Ogni tanto, però, qualche vescovo africano mi dice: «Se presento in Germania progetti sociali, trovo subito le porte aperte. Ma se vengo con un progetto di evangelizzazione, incontro piuttosto riserve». Esiste in alcuni l’idea che i progetti sociali siano da promuovere con massima urgenza, mentre le cose che riguardano Dio o addirittura la fede cattolica siano piuttosto particolari e meno prioritarie. Tuttavia l’esperienza di quei vescovi è proprio che l’evangelizzazione deve avere la precedenza, che il Dio di Gesù Cristo deve essere conosciuto, creduto ed amato, deve convertire i cuori, affinché anche le cose sociali possano progredire, affinché s’avvii la riconciliazione, affinché – per esempio – l’Aids possa essere combattuto affrontando veramente le sue cause profonde e curando i malati con la dovuta attenzione e con amore.
Il fatto sociale e il Vangelo sono semplicemente inscindibili tra loro. Dove portiamo agli uomini soltanto conoscenze, abilità, capacità tecniche e strumenti, là portiamo troppo poco. Allora sopravvengono ben presto i meccanismi della violenza, e la capacità di distruggere e di uccidere diventa prevalente, diventa la capacità per raggiungere il potere – un potere che una volta o l’altra dovrebbe portare il diritto, ma che non ne sarà mai capace. In questo modo ci si allontana sempre di più dalla riconciliazione, dall’impegno comune per la giustizia e l’amore. I criteri, secondo i quali la tecnica entra a servizio del diritto e dell’amore, allora si smarriscono; ma è proprio da questi criteri, che tutto dipende: criteri che non sono soltanto teorie, ma che illuminano il cuore portando così la ragione e l’agire sulla retta via.

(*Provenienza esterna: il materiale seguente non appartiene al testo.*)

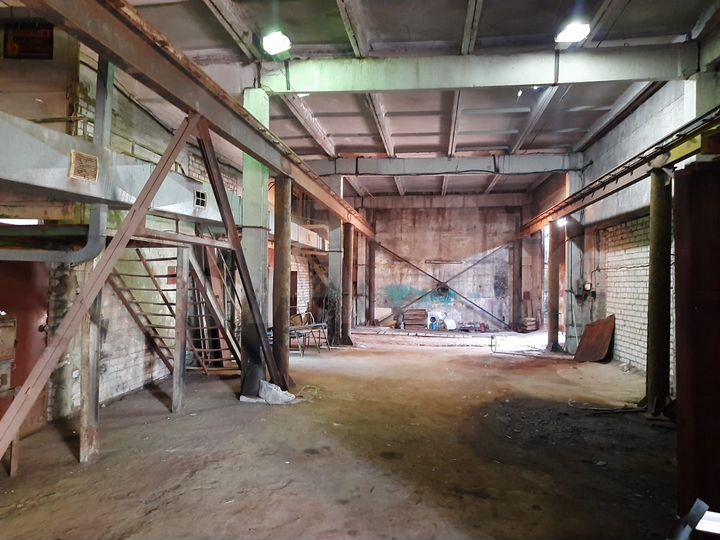 Производство, 320 м²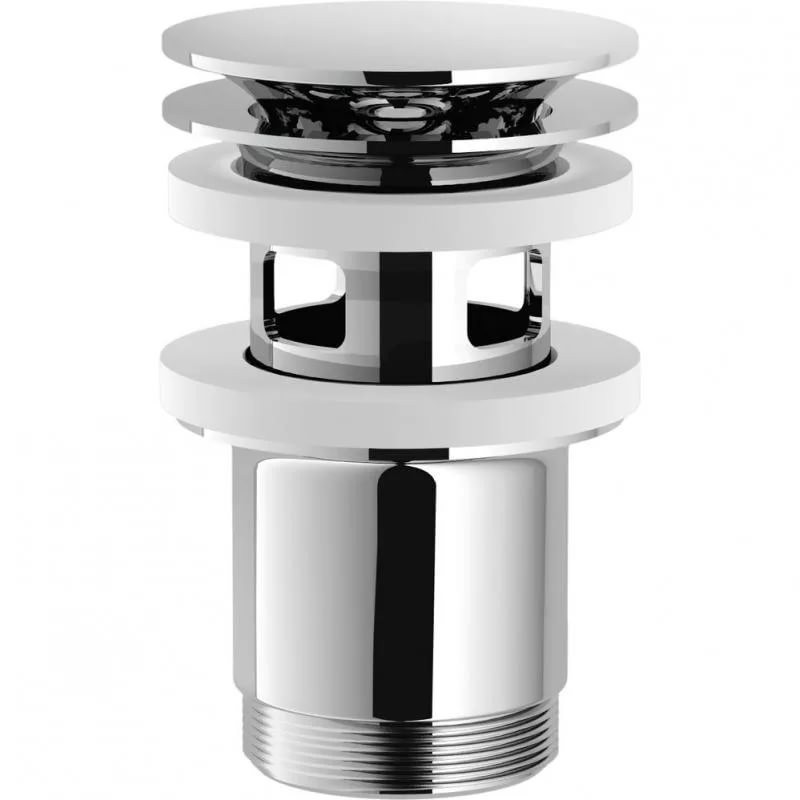 

Донный клапан для раковины Nobili AV00110/10CR, Хром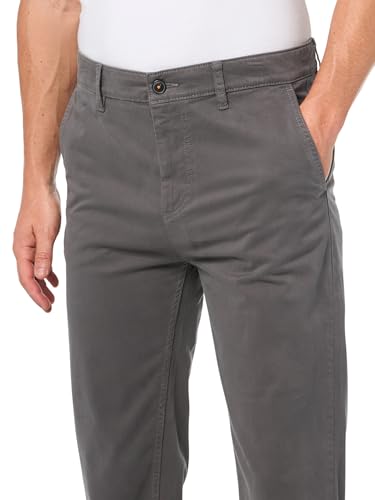Image of BOSS Men's Techno Twill Tapered Chino Trousers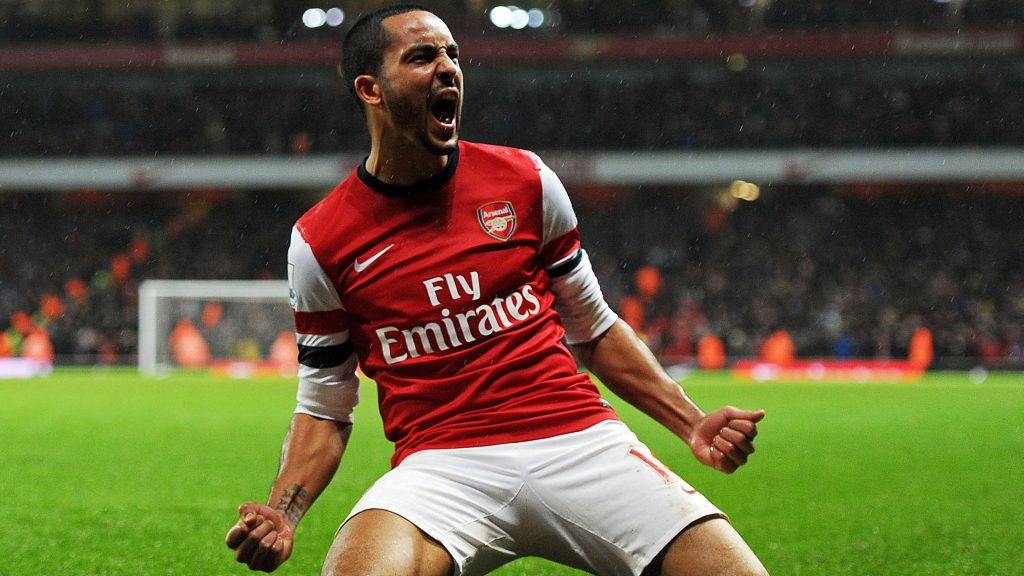 Former Arsenal and England star Theo Walcott retires at 34
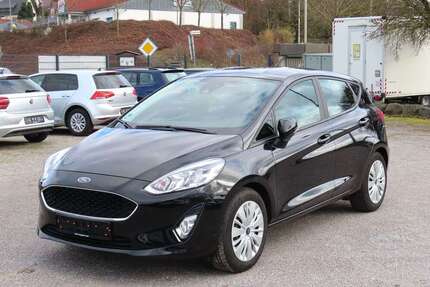 Ford Fiesta 70.500 km 11.900 &euro; Solms-Oberbiel 35606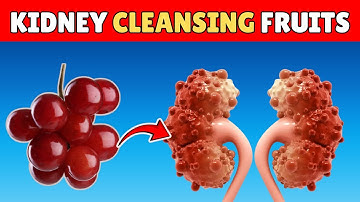 Avoid Dialysis: Eat These 5 Kidney-Cleansing Fruits Daily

Le popolazioni dell’Africa e dell’Asia ammirano, sì, le prestazioni tecniche dell’Occidente e la nostra scienza, ma si spaventano di fronte ad un tipo di ragione che esclude totalmente Dio dalla visione dell’uomo, ritenendo questa la forma più sublime della ragione, da insegnare anche alle loro culture. La vera minaccia per la loro identità non la vedono nella fede cristiana, ma nel disprezzo di Dio e nel cinismo che considera il dileggio del sacro un diritto della libertà ed eleva l’utilità a supremo criterio per i futuri successi della ricerca.
Cari amici, questo cinismo non è il tipo di tolleranza e di apertura culturale che i popoli aspettano e che tutti noi desideriamo. La tolleranza di cui abbiamo urgente bisogno comprende il timor di Dio – il rispetto di ciò che per l’altro è cosa sacra. Ma questo rispetto per ciò che gli altri ritengono sacro presuppone che noi stessi impariamo nuovamente il timor di Dio. Questo senso di rispetto può essere rigenerato nel mondo occidentale soltanto se cresce di nuovo la fede in Dio, se Dio sarà di nuovo presente per noi ed in noi.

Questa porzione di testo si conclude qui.